About this exercise:
Show, from the records below, all lines that contain the word "toyota".

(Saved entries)

-.-.-

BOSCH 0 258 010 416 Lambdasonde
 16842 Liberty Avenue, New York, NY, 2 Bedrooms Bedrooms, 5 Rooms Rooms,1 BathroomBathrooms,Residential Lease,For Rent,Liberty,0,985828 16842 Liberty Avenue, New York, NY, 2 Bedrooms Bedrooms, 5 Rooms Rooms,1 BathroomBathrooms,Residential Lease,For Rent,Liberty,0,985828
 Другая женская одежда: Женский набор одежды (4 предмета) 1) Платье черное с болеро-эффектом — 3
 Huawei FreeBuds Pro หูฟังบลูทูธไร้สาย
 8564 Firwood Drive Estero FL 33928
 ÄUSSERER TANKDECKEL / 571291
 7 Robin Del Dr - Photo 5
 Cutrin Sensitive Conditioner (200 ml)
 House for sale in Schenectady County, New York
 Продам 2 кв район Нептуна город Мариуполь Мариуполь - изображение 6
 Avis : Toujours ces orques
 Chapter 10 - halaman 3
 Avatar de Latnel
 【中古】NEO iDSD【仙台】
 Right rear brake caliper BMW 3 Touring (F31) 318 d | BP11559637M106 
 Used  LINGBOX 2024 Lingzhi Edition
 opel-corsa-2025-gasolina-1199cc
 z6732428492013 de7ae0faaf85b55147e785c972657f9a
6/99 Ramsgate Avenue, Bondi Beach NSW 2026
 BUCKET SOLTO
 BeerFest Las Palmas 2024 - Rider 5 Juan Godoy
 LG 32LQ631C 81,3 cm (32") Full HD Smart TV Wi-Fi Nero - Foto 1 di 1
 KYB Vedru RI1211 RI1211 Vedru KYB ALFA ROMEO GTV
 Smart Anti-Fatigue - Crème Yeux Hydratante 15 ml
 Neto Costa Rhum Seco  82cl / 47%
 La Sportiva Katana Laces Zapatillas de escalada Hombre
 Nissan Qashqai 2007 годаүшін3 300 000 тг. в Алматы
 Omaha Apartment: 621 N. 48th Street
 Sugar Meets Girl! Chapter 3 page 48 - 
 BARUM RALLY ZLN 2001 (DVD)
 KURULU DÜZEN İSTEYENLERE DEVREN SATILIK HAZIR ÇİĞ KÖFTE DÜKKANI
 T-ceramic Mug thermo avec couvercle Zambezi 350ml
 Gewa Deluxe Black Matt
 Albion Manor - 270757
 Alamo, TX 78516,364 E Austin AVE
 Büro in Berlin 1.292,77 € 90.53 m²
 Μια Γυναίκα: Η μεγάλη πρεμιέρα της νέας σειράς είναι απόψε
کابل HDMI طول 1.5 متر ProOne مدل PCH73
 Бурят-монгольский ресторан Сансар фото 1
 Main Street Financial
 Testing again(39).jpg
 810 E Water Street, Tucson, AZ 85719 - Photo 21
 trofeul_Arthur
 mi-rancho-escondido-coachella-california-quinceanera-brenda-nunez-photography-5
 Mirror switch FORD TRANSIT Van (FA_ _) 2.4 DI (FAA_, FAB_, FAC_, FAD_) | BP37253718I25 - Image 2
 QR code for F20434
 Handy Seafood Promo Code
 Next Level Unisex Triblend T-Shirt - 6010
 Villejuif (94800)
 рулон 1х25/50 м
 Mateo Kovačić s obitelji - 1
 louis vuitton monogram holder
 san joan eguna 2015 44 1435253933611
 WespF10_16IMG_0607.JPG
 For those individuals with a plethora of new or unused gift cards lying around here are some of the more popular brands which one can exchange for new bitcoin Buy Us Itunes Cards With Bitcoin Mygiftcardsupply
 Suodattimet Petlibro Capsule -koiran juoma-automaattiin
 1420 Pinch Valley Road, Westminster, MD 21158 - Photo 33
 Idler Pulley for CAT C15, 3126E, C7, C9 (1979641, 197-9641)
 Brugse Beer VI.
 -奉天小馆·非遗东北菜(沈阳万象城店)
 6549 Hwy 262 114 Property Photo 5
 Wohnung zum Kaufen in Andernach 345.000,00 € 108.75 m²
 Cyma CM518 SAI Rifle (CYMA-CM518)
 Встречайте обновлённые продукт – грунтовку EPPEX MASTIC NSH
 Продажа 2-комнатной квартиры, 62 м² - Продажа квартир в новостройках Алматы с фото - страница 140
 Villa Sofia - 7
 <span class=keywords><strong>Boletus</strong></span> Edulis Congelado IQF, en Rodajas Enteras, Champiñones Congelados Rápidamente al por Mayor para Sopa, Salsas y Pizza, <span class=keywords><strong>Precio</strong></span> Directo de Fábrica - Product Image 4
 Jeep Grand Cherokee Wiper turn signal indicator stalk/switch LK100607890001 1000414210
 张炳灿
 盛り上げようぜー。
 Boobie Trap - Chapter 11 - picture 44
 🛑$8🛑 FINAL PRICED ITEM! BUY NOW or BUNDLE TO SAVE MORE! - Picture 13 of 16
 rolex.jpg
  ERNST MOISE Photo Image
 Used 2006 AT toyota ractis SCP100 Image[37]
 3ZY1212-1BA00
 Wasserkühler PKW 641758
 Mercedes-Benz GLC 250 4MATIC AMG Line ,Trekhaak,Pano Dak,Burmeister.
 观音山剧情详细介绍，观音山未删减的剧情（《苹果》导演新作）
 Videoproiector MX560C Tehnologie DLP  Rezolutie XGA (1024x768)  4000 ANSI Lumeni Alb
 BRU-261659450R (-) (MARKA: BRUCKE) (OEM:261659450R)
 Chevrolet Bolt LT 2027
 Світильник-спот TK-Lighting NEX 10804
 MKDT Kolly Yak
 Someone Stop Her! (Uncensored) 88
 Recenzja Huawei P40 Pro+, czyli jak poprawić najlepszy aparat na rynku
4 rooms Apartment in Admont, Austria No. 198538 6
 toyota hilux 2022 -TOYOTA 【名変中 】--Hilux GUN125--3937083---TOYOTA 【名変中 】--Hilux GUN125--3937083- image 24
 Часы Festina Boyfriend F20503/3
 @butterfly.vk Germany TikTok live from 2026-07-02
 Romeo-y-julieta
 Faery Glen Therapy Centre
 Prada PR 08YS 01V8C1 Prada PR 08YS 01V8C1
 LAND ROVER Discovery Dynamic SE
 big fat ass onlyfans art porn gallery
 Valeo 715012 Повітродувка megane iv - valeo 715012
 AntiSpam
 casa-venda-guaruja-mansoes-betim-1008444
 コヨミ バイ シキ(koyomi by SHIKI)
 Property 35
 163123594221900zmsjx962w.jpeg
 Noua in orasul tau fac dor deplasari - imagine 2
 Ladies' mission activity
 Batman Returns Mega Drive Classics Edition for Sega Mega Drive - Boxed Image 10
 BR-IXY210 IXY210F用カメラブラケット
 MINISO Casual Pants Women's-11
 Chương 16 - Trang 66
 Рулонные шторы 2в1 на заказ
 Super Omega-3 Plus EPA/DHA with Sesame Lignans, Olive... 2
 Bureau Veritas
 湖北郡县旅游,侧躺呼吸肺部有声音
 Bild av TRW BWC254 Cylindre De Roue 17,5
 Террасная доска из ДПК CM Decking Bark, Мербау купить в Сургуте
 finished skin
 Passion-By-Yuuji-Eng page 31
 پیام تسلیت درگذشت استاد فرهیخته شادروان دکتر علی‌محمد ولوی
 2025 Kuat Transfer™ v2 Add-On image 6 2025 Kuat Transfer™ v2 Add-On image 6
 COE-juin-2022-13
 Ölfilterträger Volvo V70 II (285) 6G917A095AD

-.-.-

Written response:
 Used 2006 AT toyota ractis SCP100 Image[37]
 toyota hilux 2022 -TOYOTA 【名変中 】--Hilux GUN125--3937083---TOYOTA 【名変中 】--Hilux GUN125--3937083- image 24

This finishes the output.